Seven years ago when the McLean Park embankment was last packed for a Magpies match. Photo / File
The Hawke's Bay rugby union has stepped up planning for a Ranfurly Shield defence it hopes will attract McLean Park's biggest crowd for a Magpies game in seven years.
As if it needed any added spice, the match against Northland starting at 7.05pm on Friday, the first defence since theMagpies' 28-9 challenge win over Otago in Dunedin on October 4, doubles as a Mitre 10 Cup championship Week 6 battle for the competition lead, putting the winner into the box seat to claim home-match rights in the playoffs next month.
But wait…There's more.
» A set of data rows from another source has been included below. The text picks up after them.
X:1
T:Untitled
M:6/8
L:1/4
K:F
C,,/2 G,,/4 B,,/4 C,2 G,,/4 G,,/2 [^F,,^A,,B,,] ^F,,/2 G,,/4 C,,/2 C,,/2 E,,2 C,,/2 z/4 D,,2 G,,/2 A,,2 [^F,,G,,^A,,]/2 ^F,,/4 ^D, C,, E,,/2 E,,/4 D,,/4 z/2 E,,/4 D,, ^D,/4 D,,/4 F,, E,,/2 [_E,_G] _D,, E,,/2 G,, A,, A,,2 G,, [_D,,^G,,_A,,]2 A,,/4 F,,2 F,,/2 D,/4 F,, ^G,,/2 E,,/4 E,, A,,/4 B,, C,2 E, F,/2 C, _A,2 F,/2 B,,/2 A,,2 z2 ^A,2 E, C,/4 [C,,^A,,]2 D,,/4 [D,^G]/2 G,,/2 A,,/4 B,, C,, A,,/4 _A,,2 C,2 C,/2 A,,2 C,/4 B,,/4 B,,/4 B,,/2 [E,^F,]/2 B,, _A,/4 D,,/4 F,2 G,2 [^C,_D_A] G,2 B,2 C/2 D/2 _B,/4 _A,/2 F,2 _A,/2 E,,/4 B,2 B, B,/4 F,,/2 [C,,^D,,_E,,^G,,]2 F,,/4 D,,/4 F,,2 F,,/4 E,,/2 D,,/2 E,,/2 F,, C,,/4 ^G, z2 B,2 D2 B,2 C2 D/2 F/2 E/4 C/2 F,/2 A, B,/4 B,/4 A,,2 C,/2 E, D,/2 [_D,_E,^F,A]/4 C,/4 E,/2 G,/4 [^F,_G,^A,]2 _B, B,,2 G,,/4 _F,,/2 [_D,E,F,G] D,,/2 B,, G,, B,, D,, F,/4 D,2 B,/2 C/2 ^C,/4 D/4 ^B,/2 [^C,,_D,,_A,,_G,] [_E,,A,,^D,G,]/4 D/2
The curtain raiser, a Farah Palmer Cup women's competition match between Hawke's Bay and Manawatu, starting at 4.35pm, will commemorate 40 years since New Zealand's first inter-provincial women's rugby match, which was also between Hawke's Bay and Manawatu, in Palmerston North on September 14, 1980.
As an added bonus, fans will get the chance to share in the celebratory recognition of the 100 matches played for Hawke's Bay skipper Ash Dixon.
There's also, in some Northland fans' view, a 51-year-old score to settle, since the now-late Kel Tremain scored a controversial try in the last minute for the Bay to beat the then North Auckland 10-8 in a defence just two matches before the end of the Bay's 1966-1969 shield era.
Northlanders have never believed Tremain grounded the ball over the line – photos being published in Auckland and Whangarei showing the Magpies hero short of the line, while, with Tremain claiming he had been dragged back after scoring, photos were published in Hawke's Bay and Wellington purporting to support the referee decision to award the points.
The only other shield match between the two unions did nothing to requite the northerners, with the Magpies turning away another challenge with a 39-10 win in 2015.
Friday night's match is part of a big weekend in Hawke's Bay, along with the last day of Hawke's Bay Racing's Spring Racing Carnival in Hastings on Saturday, featuring the $250,000 Livamol Classic at 4.25pm and glamour mare Melody Belle, going for a 5th win in five HB Spring Carnival feature-race starts, including the first-ever Triple Crown last year.
HBRFU commercial manager Dan Somerville believes the crowd for the rugby will exceed 8000, the biggest for a Magpies game in Hawke's Bay since 16,000 saw the Magpies lose the first defence of the shield after just six days with the prize in 2013.
He would, of course, prefer to crack 10,000 and says: "Wouldn't that be nice."
By late morning Monday about 5400 tickets had sold, with a win likely to boost crowds even further for later defences, against Manawatu on October 24 and Wellington on November 8, if the Magpies have kept alive the dream of locking the Log o' Wood away for the summer.
Somerville said indications are at least 200 challengers' fans will be travelling from Northland, with their currently well-performed Taniwha hoping to be the first Northland team to claim the Ranfurly Shield since a controversial win over Manawatu in 1978.
Tickets for the 10-race galloping carnival climax in Hastings are now being sought by fans on social media, with new HB Racing chief executive Darin Balcombe forecasting a crowd of 5-6000 for Saturday's races.
Only some hospitality package deals remain on sale, following the selling of all 2000 general admission tickets – the last 200 disappearing in just four minutes of selling last Wednesday.
The first of the 10 races starts at 12.20pm and the last at 5.37pm, leaving about an hour and 20 minutes before the other big event of the weekend – the closing of General Election voting and the start of the triennial countdown to finding out who has won.